• Assignment: Copy, exactly and without additions, every line in the records below from the one holding "Platinum Gray Metallic" through the one holding "Miodowy Dom Exspanse", both ends included.

--- Data to examine ---

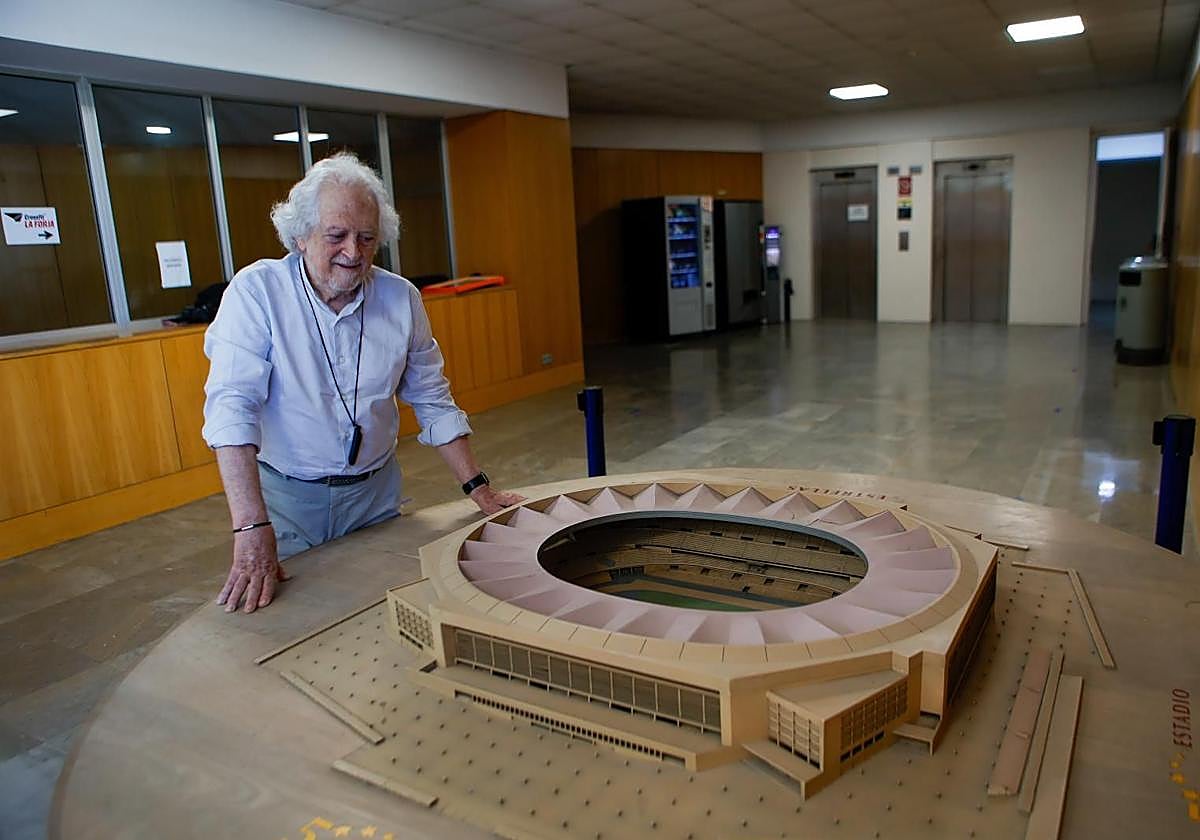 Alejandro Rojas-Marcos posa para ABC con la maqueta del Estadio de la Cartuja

---
--- Data to examine ---

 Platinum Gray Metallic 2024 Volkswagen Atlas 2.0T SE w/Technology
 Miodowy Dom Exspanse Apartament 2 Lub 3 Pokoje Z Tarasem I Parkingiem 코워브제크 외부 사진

---

• Exercise output:
 Platinum Gray Metallic 2024 Volkswagen Atlas 2.0T SE w/Technology
 Miodowy Dom Exspanse Apartament 2 Lub 3 Pokoje Z Tarasem I Parkingiem 코워브제크 외부 사진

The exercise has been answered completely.